Via Dustbury, thoughts on being alone.
Maybe Justice Kennedy could have helped this guy.
Three months ago in an apartment on the outskirts of Osaka, Japan, Haruki Watanabe died alone. For weeks his body slowly decomposed, slouched in its own fluids and surrounded by fetid, fortnight-old food. He died of self-neglect, solitude, and a suspected heart problem. At 60, Watanabe, wasn’t old, nor was he especially poor. He had no friends, no job, no wife, and no concerned children. His son hadn’t spoken to him in years, nor did he want to again.

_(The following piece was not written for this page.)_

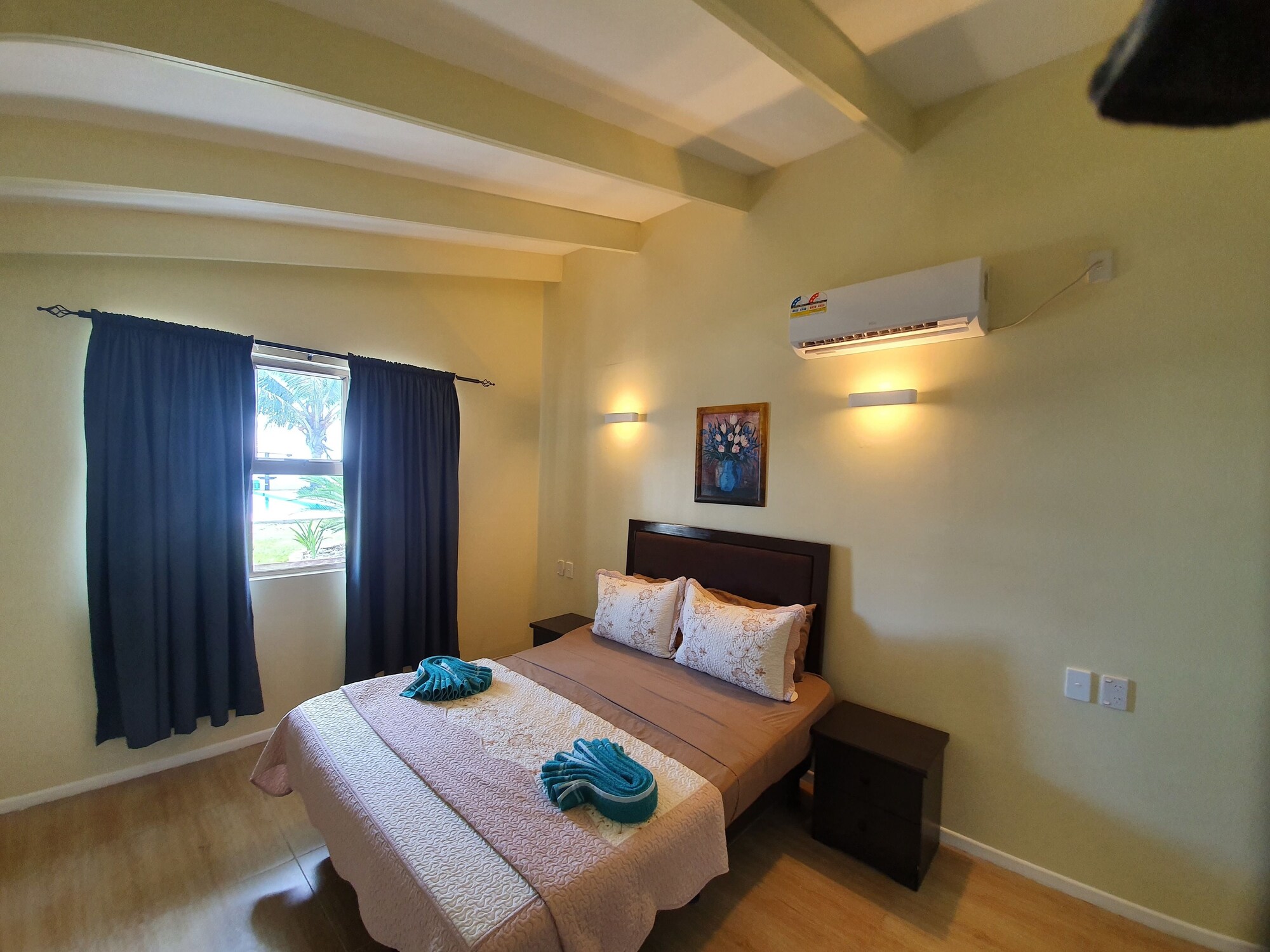 le uaina beach resort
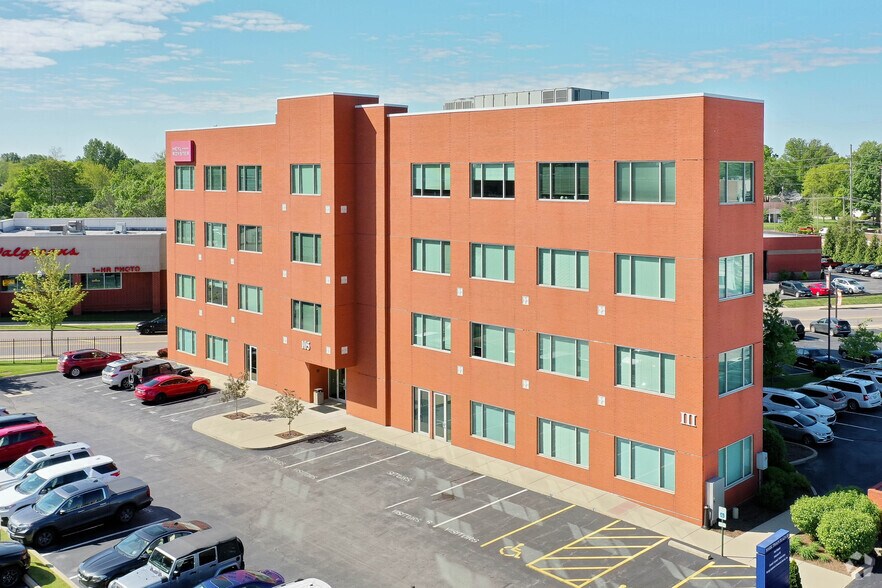 105 W Vandalia St, Edwardsville, IL à louer - Photo principale – Image 1 sur 8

For three months no one called, no one knew, no one cared. For three months Watanabe rotted in his bedsheets, alongside pots of instant ramen and swarming cockroaches. The day that someone eventually called, he came not out of concern but out of administration. Watanabe had run out of money, and his bank had stopped paying the rent. The exasperated landlord, Toru Suzuki, had rung and rung, but no one had picked up. Sufficiently angry, he made the trip from his own home, in downtown Osaka, to the quiet suburb where his lodger lived. (Both men’s names are pseudonyms.)
First, there was the smell, a thick, noxious sweetness oozing from beneath the door frame. Second, there was the sight, the shape of a mortally slumped corpse beneath urine-soaked bedsheets. Third, there was the reality: Suzuki had come to collect his dues but had instead found his tenant’s dead body.